ARROW-12398: [Rust] remove redundant bound check in iterators
This PR removes the bound checks as discussed in #9994.
Furthermore I added `unsafe` versions of the `value` method to `PrimitiveArray` and `BooleanArray`. The `safe` marked methods are actually `unsafe`. This way we can slowly transition to explicitly using the `unsafe` variant and later make the "safe" one truly safe.
For the time being I also added a `debug_assert` bounds check in those "safe" methods that are `unsafe`. That way we at least get a panic in debug mode instead of UB in safe code.
Closes #10046 from ritchie46/iterator_bounds
Authored-by: Ritchie Vink <ritchie46@gmail.com>
Signed-off-by: Andrew Lamb <andrew@nerdnetworks.org>
diff --git a/rust/arrow/src/array/array_boolean.rs b/rust/arrow/src/array/array_boolean.rs
index 2512a95..67af85d 100644
--- a/rust/arrow/src/array/array_boolean.rs
+++ b/rust/arrow/src/array/array_boolean.rs
@@ -69,10 +69,19 @@
/// Returns the boolean value at index `i`.
///
+ /// # Safety
+ /// This doesn't check bounds, the caller must ensure that index < self.len()
+ pub unsafe fn value_unchecked(&self, i: usize) -> bool {
+ let offset = i + self.offset();
+ bit_util::get_bit_raw(self.raw_values.as_ptr(), offset)
+ }
+
+ /// Returns the boolean value at index `i`.
+ ///
/// Note this doesn't do any bound checking, for performance reason.

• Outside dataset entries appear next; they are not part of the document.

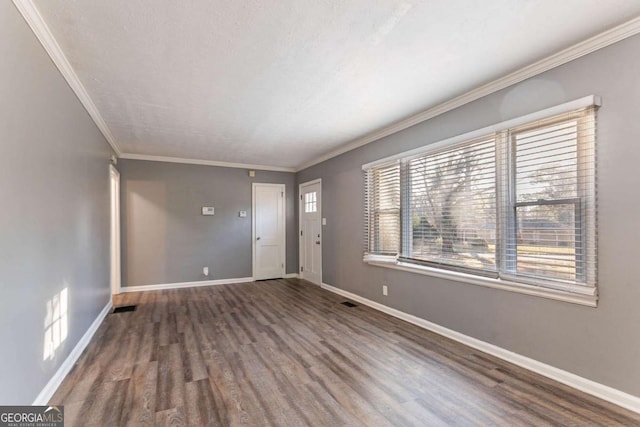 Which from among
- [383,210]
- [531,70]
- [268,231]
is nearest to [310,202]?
[268,231]

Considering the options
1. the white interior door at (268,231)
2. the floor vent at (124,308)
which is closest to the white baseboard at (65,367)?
the floor vent at (124,308)

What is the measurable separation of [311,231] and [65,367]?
4.29 m

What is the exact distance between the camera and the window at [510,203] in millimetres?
2258

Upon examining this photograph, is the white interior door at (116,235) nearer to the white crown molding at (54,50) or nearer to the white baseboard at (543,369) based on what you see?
the white crown molding at (54,50)

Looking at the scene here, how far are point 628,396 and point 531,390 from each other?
540 mm

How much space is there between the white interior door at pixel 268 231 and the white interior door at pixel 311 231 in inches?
18.6

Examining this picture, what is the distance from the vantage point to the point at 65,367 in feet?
8.14

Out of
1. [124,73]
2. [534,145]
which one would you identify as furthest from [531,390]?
[124,73]

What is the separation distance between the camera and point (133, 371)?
256 cm

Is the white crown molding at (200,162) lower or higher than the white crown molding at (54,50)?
lower

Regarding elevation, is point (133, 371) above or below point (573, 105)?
below

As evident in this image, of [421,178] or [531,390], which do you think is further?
[421,178]

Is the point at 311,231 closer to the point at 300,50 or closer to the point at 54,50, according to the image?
the point at 300,50

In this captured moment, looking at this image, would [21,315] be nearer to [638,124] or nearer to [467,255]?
[467,255] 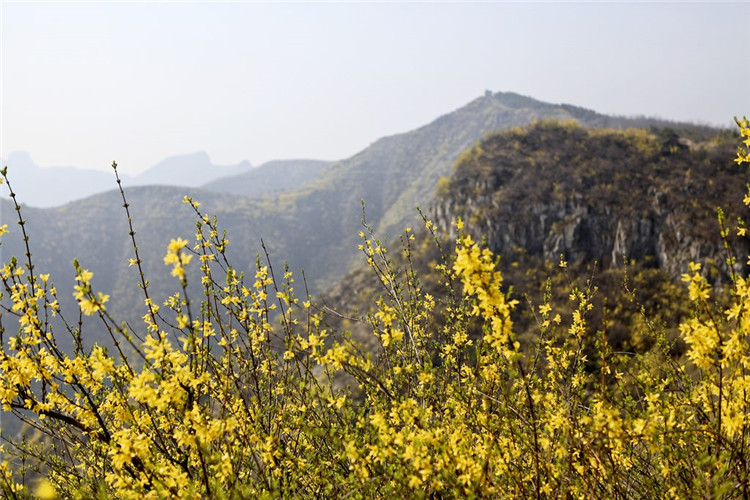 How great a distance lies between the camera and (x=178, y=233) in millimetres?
80500

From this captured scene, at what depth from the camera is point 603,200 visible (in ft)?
111

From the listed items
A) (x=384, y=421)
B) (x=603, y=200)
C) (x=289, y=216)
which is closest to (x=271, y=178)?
(x=289, y=216)

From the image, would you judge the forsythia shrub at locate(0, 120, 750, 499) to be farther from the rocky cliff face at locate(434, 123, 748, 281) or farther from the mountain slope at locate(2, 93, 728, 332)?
the mountain slope at locate(2, 93, 728, 332)

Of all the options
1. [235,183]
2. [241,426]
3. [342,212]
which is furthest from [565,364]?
[235,183]

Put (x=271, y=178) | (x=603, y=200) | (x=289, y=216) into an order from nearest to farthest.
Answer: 1. (x=603, y=200)
2. (x=289, y=216)
3. (x=271, y=178)

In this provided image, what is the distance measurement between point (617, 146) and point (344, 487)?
4781 centimetres

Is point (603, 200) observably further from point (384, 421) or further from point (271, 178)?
point (271, 178)

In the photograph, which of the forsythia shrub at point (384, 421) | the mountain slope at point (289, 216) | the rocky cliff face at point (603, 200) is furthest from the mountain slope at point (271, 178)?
the forsythia shrub at point (384, 421)

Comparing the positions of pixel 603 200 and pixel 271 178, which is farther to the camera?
pixel 271 178

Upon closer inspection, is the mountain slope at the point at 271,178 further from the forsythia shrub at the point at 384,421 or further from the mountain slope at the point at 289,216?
the forsythia shrub at the point at 384,421

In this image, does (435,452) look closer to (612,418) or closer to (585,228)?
(612,418)

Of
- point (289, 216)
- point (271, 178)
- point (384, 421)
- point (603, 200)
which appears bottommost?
point (603, 200)

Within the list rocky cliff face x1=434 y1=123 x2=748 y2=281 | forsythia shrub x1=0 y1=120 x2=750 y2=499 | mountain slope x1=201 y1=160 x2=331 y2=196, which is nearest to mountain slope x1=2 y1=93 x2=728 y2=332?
rocky cliff face x1=434 y1=123 x2=748 y2=281

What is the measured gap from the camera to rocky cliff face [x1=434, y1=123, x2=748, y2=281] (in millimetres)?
29609
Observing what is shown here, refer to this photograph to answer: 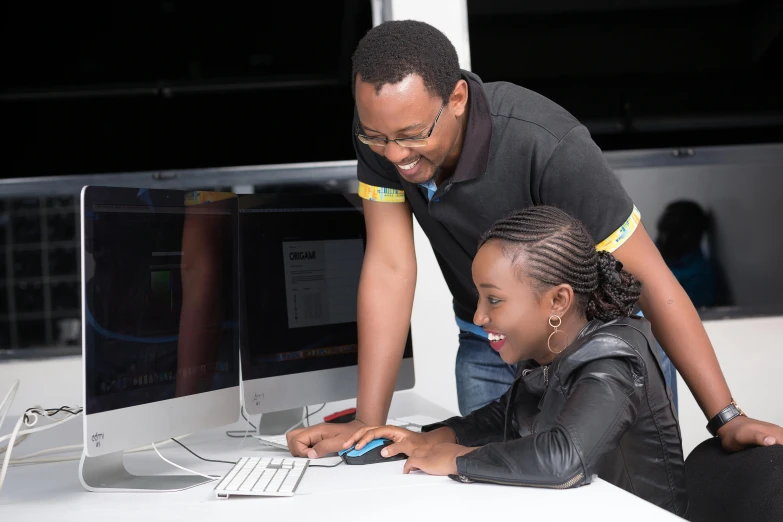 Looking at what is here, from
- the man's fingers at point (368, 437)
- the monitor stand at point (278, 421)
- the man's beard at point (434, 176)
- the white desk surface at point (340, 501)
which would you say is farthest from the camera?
the monitor stand at point (278, 421)

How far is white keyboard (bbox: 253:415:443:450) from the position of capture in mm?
1546

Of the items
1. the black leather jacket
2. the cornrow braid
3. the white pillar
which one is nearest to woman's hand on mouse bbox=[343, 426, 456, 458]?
the black leather jacket

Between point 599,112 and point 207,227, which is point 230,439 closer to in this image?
point 207,227

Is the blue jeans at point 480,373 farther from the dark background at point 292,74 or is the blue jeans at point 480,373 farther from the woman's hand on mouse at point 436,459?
the dark background at point 292,74

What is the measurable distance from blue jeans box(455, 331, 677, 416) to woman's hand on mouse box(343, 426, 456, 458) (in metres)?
0.44

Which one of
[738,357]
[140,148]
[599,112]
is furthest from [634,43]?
[140,148]

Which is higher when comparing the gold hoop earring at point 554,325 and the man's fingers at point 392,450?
the gold hoop earring at point 554,325

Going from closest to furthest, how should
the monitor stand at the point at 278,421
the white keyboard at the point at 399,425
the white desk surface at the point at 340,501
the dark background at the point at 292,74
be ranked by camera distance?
the white desk surface at the point at 340,501
the white keyboard at the point at 399,425
the monitor stand at the point at 278,421
the dark background at the point at 292,74

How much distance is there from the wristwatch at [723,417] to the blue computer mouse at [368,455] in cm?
50

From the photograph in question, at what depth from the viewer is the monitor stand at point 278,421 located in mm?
1746

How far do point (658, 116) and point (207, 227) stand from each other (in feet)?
10.8

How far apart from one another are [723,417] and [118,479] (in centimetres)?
97

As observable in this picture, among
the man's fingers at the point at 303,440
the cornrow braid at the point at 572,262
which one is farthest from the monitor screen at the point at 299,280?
the cornrow braid at the point at 572,262

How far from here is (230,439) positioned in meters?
1.70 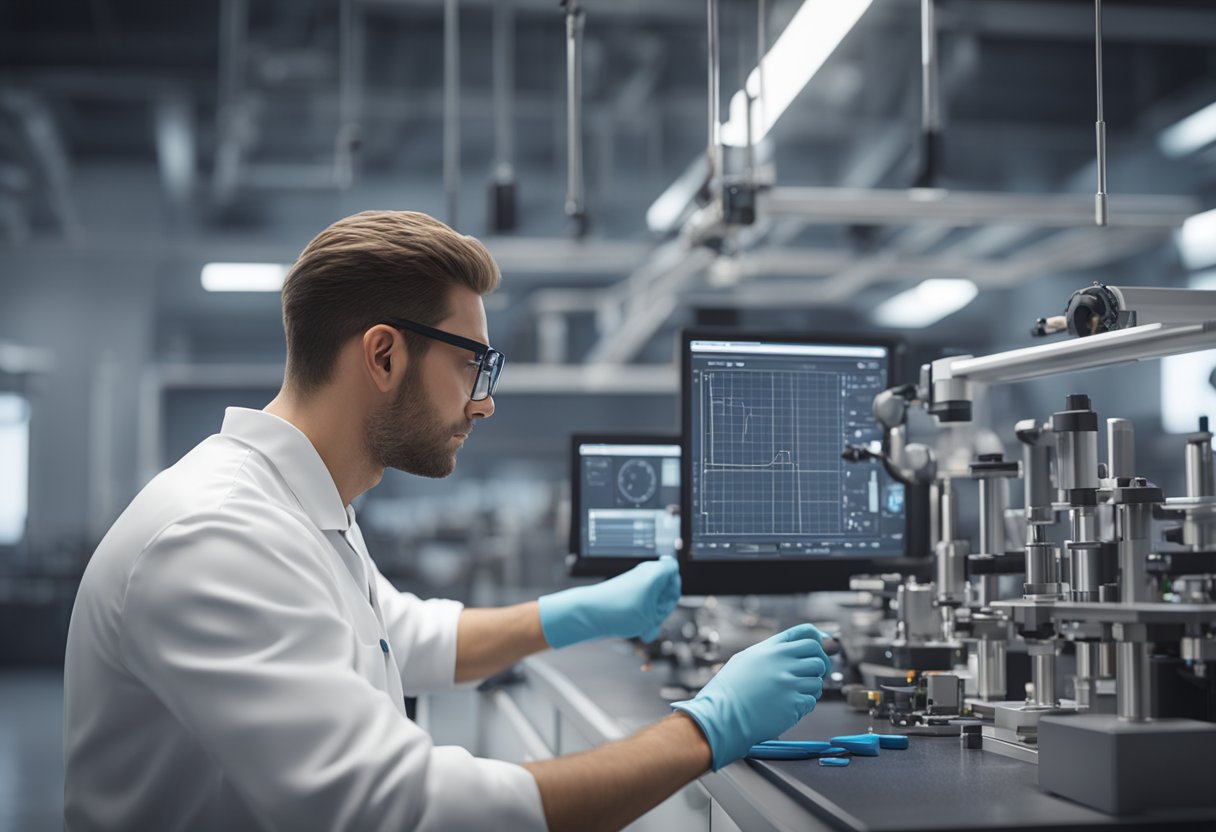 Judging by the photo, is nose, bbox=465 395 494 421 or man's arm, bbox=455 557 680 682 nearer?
nose, bbox=465 395 494 421

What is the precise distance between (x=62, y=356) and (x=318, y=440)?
730cm

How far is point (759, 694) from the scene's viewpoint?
1.21m

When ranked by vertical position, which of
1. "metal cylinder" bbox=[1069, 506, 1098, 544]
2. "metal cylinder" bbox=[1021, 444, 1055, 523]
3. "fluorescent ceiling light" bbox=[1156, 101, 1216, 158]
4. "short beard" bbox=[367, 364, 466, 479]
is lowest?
"metal cylinder" bbox=[1069, 506, 1098, 544]

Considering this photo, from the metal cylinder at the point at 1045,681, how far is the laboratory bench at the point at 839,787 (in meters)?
0.10

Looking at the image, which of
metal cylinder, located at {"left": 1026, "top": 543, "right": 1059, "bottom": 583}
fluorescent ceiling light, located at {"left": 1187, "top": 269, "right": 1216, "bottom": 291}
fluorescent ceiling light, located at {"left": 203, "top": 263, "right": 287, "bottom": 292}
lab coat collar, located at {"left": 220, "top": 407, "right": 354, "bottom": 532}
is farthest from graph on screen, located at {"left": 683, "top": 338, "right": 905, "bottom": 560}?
fluorescent ceiling light, located at {"left": 203, "top": 263, "right": 287, "bottom": 292}

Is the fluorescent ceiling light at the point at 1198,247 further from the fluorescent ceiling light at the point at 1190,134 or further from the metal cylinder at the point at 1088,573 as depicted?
the metal cylinder at the point at 1088,573

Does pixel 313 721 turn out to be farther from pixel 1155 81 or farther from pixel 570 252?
pixel 1155 81

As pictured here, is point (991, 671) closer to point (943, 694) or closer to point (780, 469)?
point (943, 694)

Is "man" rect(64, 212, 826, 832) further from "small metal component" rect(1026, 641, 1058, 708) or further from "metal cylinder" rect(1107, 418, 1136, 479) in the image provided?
"metal cylinder" rect(1107, 418, 1136, 479)

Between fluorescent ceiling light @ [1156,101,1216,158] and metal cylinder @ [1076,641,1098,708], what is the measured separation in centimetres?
549

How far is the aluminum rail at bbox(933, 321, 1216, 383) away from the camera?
1185mm

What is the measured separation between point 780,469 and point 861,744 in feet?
2.03

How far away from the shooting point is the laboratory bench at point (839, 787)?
939 millimetres

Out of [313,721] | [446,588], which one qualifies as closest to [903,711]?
[313,721] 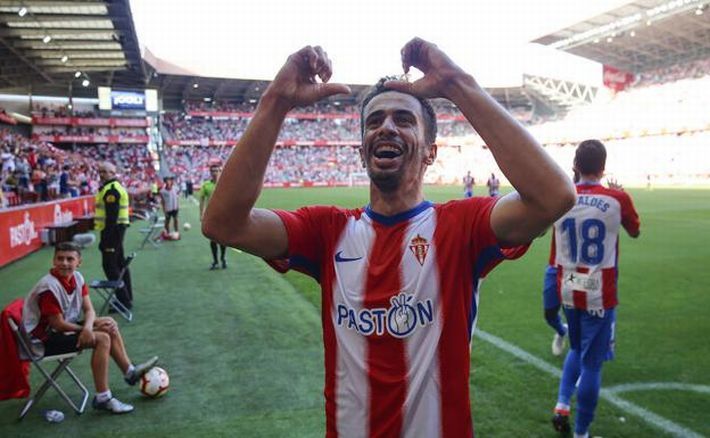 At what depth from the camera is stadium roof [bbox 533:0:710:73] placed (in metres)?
45.2

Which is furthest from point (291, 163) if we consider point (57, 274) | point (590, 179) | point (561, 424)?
point (561, 424)

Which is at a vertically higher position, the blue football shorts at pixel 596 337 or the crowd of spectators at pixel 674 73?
the crowd of spectators at pixel 674 73

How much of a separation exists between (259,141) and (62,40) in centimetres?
3234

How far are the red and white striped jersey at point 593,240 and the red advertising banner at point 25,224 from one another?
13565mm

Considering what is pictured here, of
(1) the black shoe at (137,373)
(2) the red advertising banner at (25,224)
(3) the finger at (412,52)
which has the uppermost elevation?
(3) the finger at (412,52)

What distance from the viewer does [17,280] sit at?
38.6 ft

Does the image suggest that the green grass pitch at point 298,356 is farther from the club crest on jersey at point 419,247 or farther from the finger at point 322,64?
the finger at point 322,64

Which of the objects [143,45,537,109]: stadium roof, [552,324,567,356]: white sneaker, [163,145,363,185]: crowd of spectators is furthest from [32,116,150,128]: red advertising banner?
[552,324,567,356]: white sneaker

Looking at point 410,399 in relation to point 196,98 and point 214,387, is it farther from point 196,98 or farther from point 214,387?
point 196,98

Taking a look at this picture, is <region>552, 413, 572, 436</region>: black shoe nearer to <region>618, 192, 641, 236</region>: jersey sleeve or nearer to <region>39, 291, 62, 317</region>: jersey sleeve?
<region>618, 192, 641, 236</region>: jersey sleeve

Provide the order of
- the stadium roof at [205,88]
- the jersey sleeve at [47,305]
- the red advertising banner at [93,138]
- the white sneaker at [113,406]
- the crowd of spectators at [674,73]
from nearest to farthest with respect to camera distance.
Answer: the white sneaker at [113,406] < the jersey sleeve at [47,305] < the crowd of spectators at [674,73] < the red advertising banner at [93,138] < the stadium roof at [205,88]

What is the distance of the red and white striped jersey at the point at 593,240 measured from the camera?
14.2 feet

pub fn value(&self, i: usize) -> bool {
- let offset = i + self.offset();
- unsafe { bit_util::get_bit_raw(self.raw_values.as_ptr(), offset) }
+ debug_assert!(i < self.len());
+ unsafe { self.value_unchecked(i) }
}
}
diff --git a/rust/arrow/src/array/array_primitive.rs b/rust/arrow/src/array/array_primitive.rs
index 2280952..d2b3b66 100644
--- a/rust/arrow/src/array/array_primitive.rs
+++ b/rust/arrow/src/array/array_primitive.rs
@@ -90,12 +90,22 @@
/// Returns the primitive value at index `i`.
///
+ /// # Safety
+ ///
+ /// caller must ensure that the passed in offset is less than the array len()
+ pub unsafe fn value_unchecked(&self, i: usize) -> T::Native {
+ let offset = i + self.offset();
+ *self.raw_values.as_ptr().add(offset)
+ }
+
+ /// Returns the primitive value at index `i`.
+ ///
/// Note this doesn't do any bound checking, for performance reason.
/// # Safety
/// caller must ensure that the passed in offset is less than the array len()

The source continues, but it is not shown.